Joe Sloan didn’t meet Cutter Boley for the first time when he landed in Lexington this week.
"Cutter and I have been around each other every day (since arriving)," Sloan said. "I recruited him back when he was in high school, so we’ve had a longstanding relationship."
Kentucky Football OC Joe Sloan on Cutter Boley:
— Cats Coverage (@Cats_Coverage) December 17, 2025
“Cutter and I have been around each other every day (since arriving to Lexington). I’m excited to work with him.”
He continued, “I recruited him back when he was in high school, so we’ve had a longstanding relationship.” pic.twitter.com/UsthPRPy9S
That trust matters, because Boley’s path has already been bumpy. He committed as the homegrown hero when Mark Stoops was still in charge, sat behind Brock Vandagriff, then got thrown into a disaster of a Louisville game where the team lost 41-14. Heading into 2025, he was supposed to sit behind Zach Calzada, but an injury opened the door and Boley never gave the job back.
After Stoops was fired, there was a moment where he said he was thinking about leaving, that seems to have past for now. With the Transfer Portal still open until into January, you can never be sure.
The arm talent is SEC-ready but Cutter Boley's turnover numbers are scary
The production shows exactly why coaches and fans are tantalized by his talent. In the 2025 season, Boley completed 65.8 percent of his passes for 2,160 yards and 15 touchdowns. He can make every throw on the field.
But the problem is the other column: 16 interceptions and 33 sacks taken.
That is a turnover ratio that loses you games in the SEC. Some of that is protection issues, sure. But a lot of it is "hero ball." It's holding onto the ball for 3.5 seconds trying to hit a 40-yard bomb when the check-down is open. It's forcing a slant into double coverage because you trust your arm too much.
Adam Luckett of On3 recently said Boley is projected to be Kentucky’s QB1 in 2026. If that is where this is headed, Sloan’s first big project is obvious: keep the accuracy, keep the aggression, but slash the mistakes.
The good news? This is exactly what Joe Sloan was hired to do. He is a developer.

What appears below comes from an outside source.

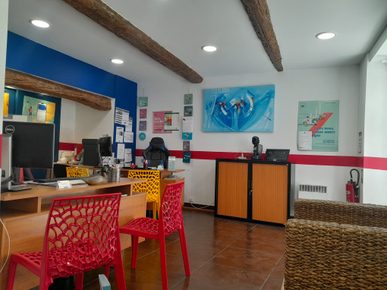 rvGHJsXVoxP_Ku0oBD3_DQZuRMUfmqiIyiK50EcJDf50WZ7-IihHIqOeHY3ZkGyAeIWWy0fT5KG6qcplJg=s0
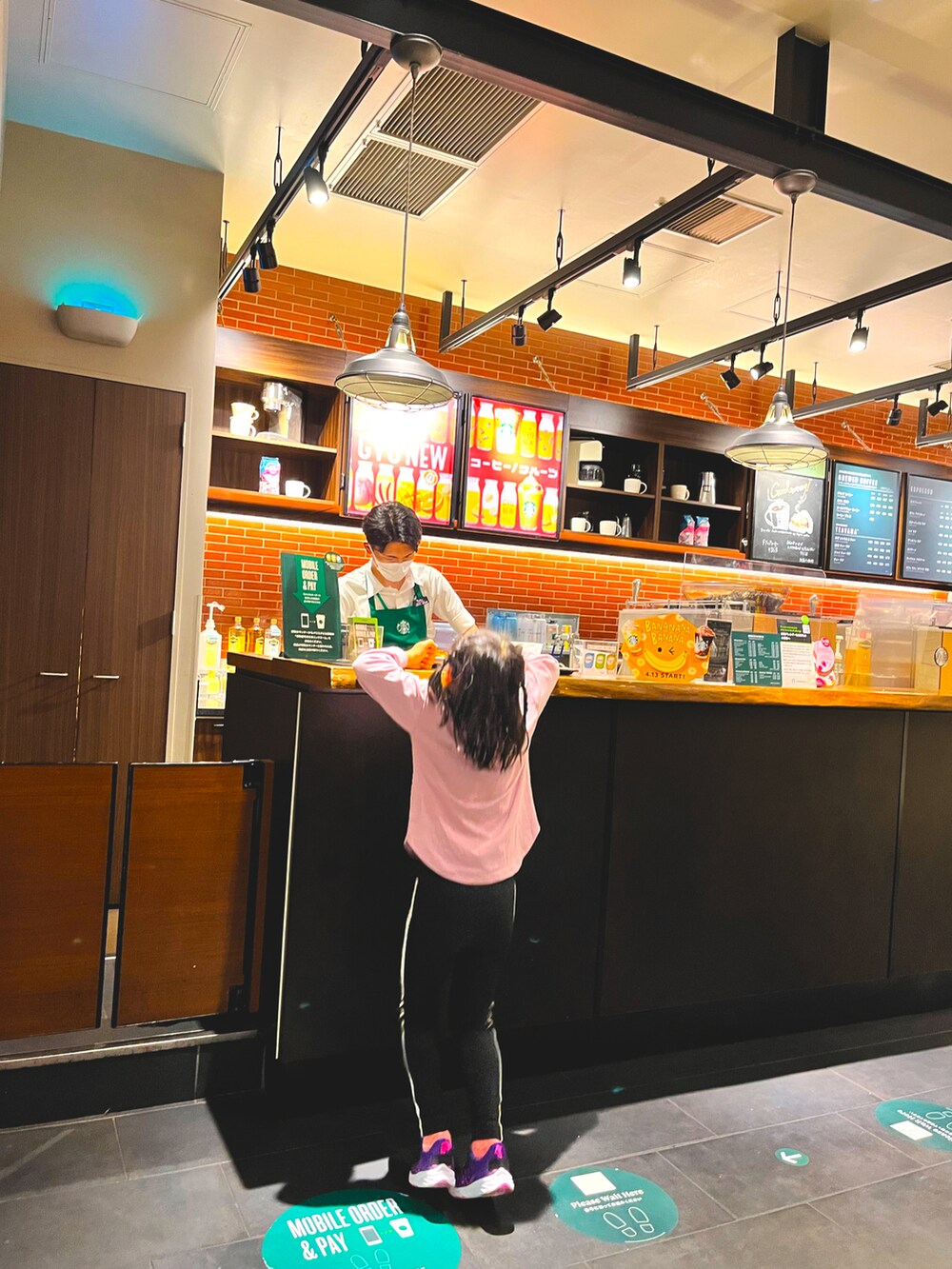 「テニスコーデ」｜「瞬足のアイテム（スニーカー、パープル系）」を使った、springbluespringさん（キッズ・126cm）の秋コーディネートの2枚目の写真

His job is to pair Boley’s arm with Will Stein’s efficient scheme, teaching Boley that a boring 6-yard completion is better than a risky 50-yard incompletion. He was Jayden Daniels' QB coach when Daniels won the Heisman so there is definitely some history there.
If that happens, the Louisville loss becomes a footnote in a great career. If it doesn’t, and the turnovers continue, the "offensive powerhouse" vision is going to feel a lot farther away than BBN wants.